Tokyo native Junya Watanabe is a frequent visitor to Hawaii. After all, it's the natural stop between Japan and San Diego, where he owns the popular ramen restaurant Rakiraki Ramen &Tsukemen. Even with extensive studies in the culinary arts in Japan, Watanabe has his own way of doing things. His ramen, his shabu shabu, his tsukemon all fuse tradition with his distinctive flair. I love his crispy chicken karaange, a marinated deep-fried chicken; the rich oxtail in broth with ginger; and the tsukemen, or dipping noodles. And I love that Watanabe goes to the trouble to use locally sourced quality ingredients.

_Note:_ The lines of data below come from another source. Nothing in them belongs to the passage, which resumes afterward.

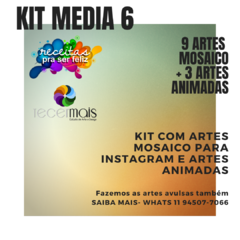 KIT MEDIA 6 – 9 Artes Mosaico + 3 Artes Animadas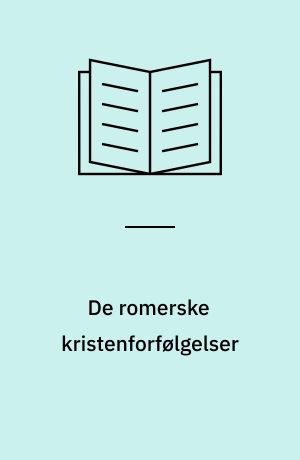 De romerske kristenforfølgelser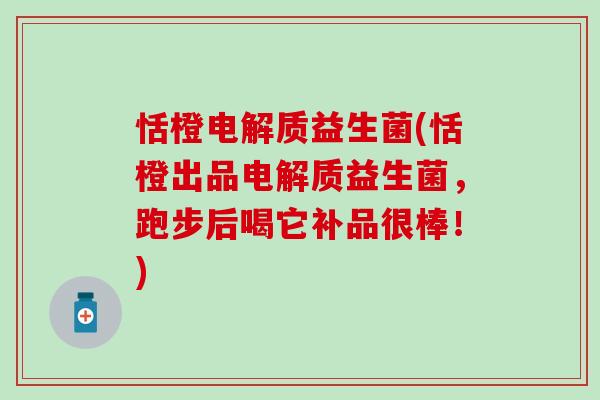 恬橙电解质益生菌(恬橙出品电解质益生菌，跑步后喝它补品很棒！)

So, when it came to creating poke, his approach was no different. As popular as the dish has become in San Diego--hey, we even have a huge festival to celebrate it--Watanabe found it to be, in his words, "kind of boring." He was convinced something was lacking. He mulled it over and finally it came to him.
It needed his zuke.
Think of zuke as a secret sauce. It's something Watanabe learned from a three-star Michelin chef in Japan. The ingredients aren't a huge secret--soy sauce, mirin, and sake. It's the proportions that he says are proprietary. Reluctant to share, he finally just shrugged and said, "Okay, two to one to one." I'm not claiming this is exactly how he does it at Rakiraki, but I'm going with it because it's the best I could get.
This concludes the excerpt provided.